Re: Linear regression in NumPy

nikie wrote:
I'm a little bit stuck with NumPy here, and neither the docs nor
trial&error seems to lead me anywhere:
I've got a set of data points (x/y-coordinates) and want to fit a
straight line through them, using LMSE linear regression. Simple
enough. I thought instead of looking up the formulas I'd just see if
there isn't a NumPy function that does exactly this. What I found was
"linear_least_squares", but I can't figure out what kind of parameters
it expects: I tried passing it my array of X-coordinates and the array
of Y-coordinates, but it complains that the first parameter should be
two-dimensional. But well, my data is 1d. I guess I could pack the X/Y
coordinates into one 2d-array, but then, what do I do with the second

Mor generally: Is there any kind of documentation that tells me what
the functions in NumPy do, and what parameters they expect, how to call
them, etc. All I found was:
"This function returns the least-squares solution of an overdetermined
system of linear equations. An optional third argument indicates the
cutoff for the range of singular values (defaults to 10-10).
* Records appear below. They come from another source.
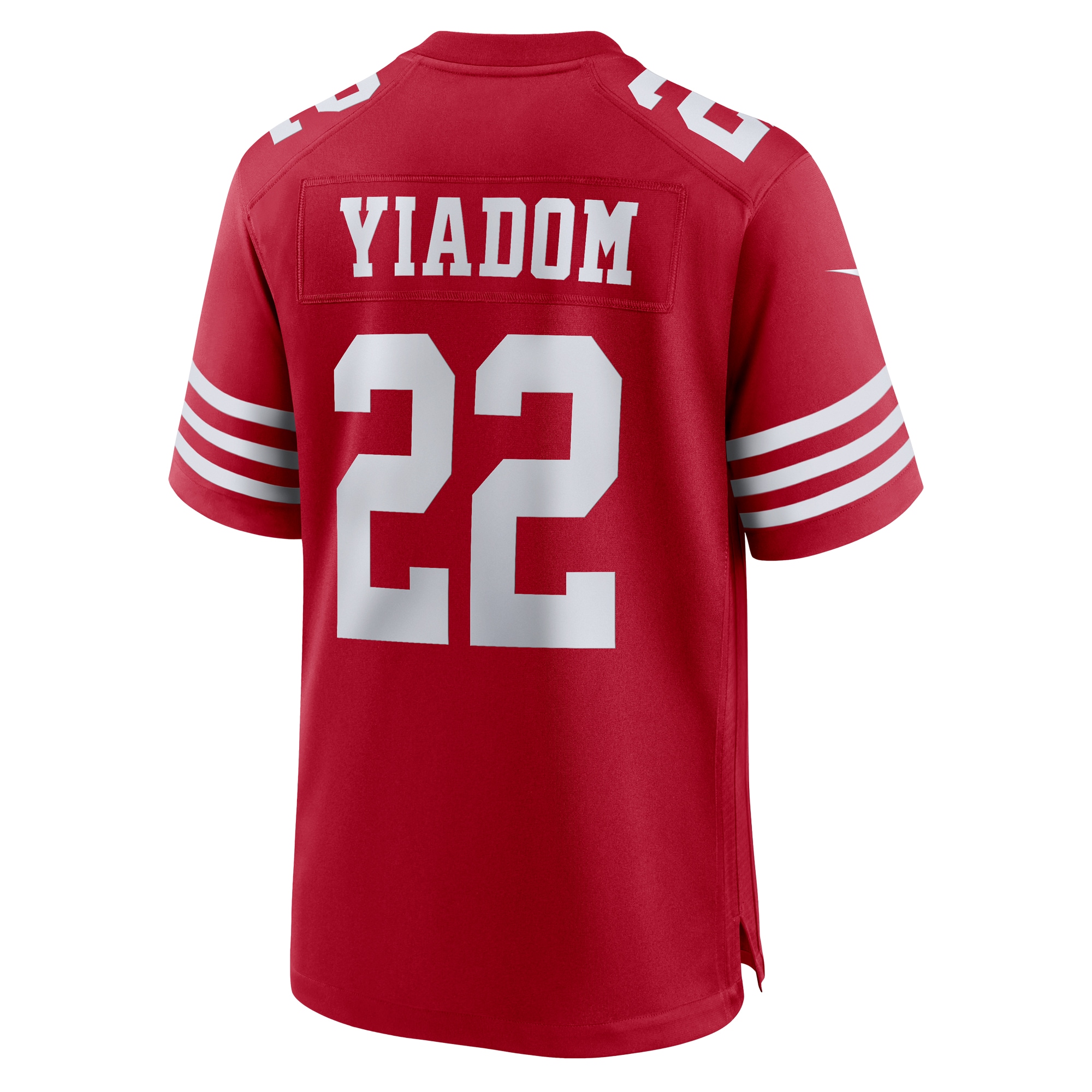 Isaac Yiadom San Francisco 49Ers Nike Team Game Jersey Scarlet - Image 3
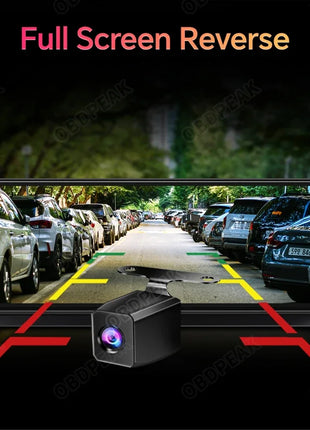 11.3" Dash Cam 4K Car Mirror Wireless Carplay Android Auto Multimedia Player GPS WiFi Universal Black Box Rearview Camera AUX BT - Riparo82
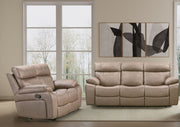 Theon - Manual Glider Reclining Sofa Set - JaxCo Furniture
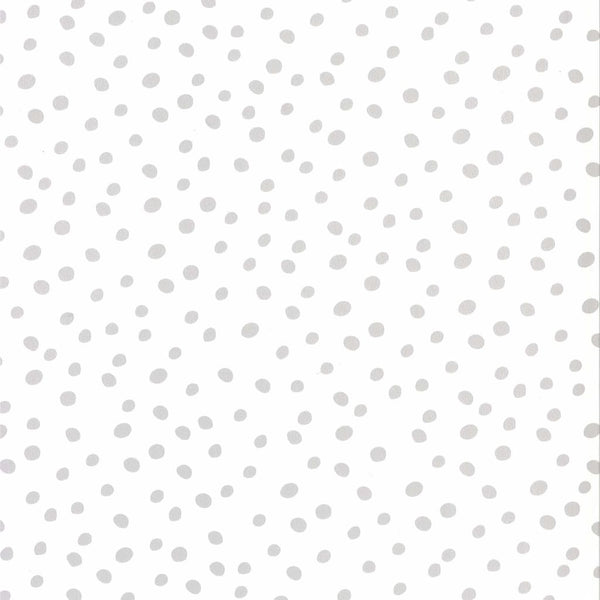 Fabulous World Tapete Dots Weiß und Grau 67106-1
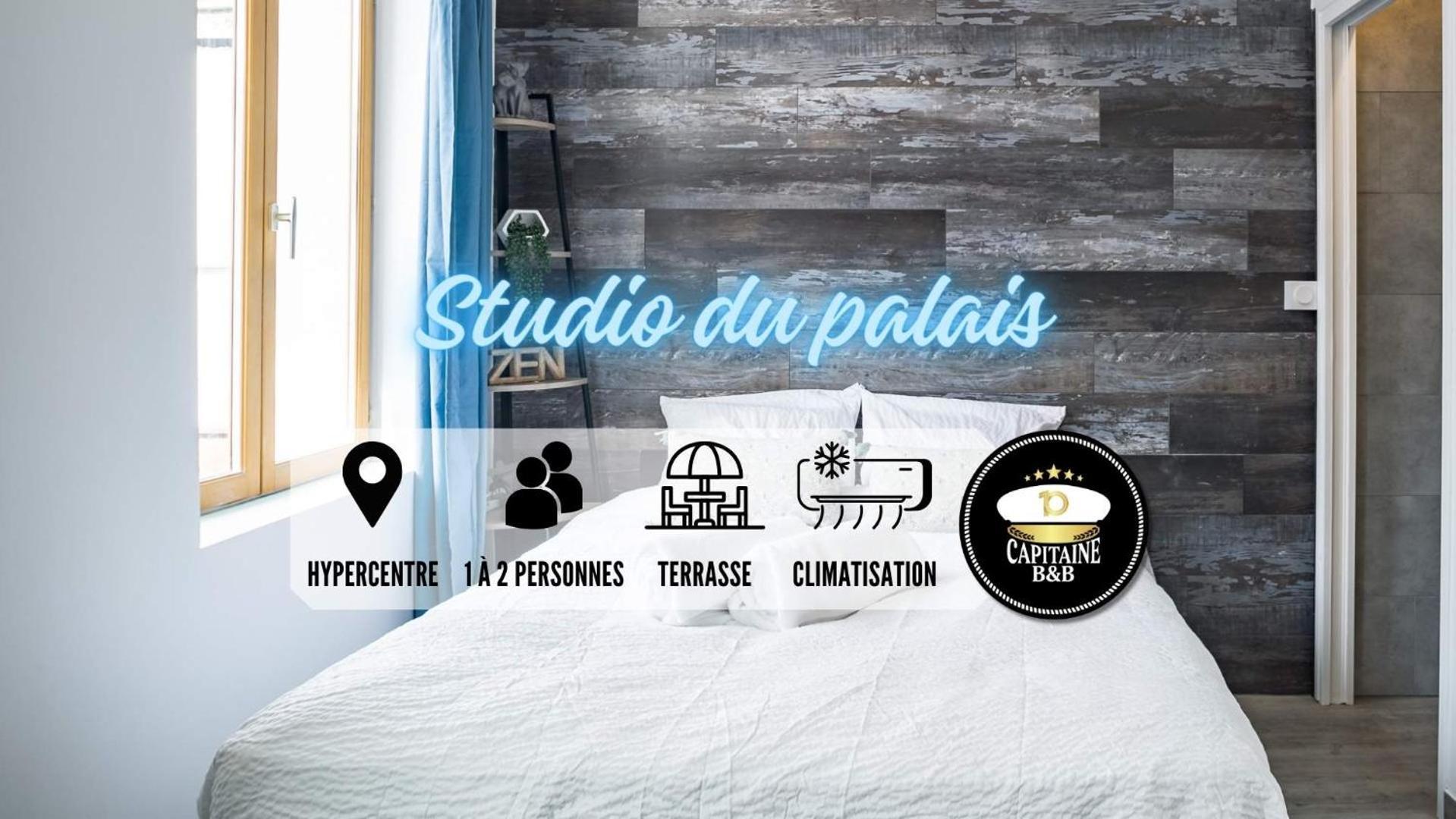 Апартаменти Studio Du Palais - Terrasse- Hypercentre Труа Екстер'єр фото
There are
four return values: the least-squares solution itself, the sum of the
squared residuals (i.e. the quantity minimized by the solution), the
rank of the matrix a, and the singular values of a in descending
It doesn't even mention what the parameters "a" and "b" are for...

Look at the docstring. (Note: I am using the current version of numpy from SVN,
you may be using an older version of Numeric.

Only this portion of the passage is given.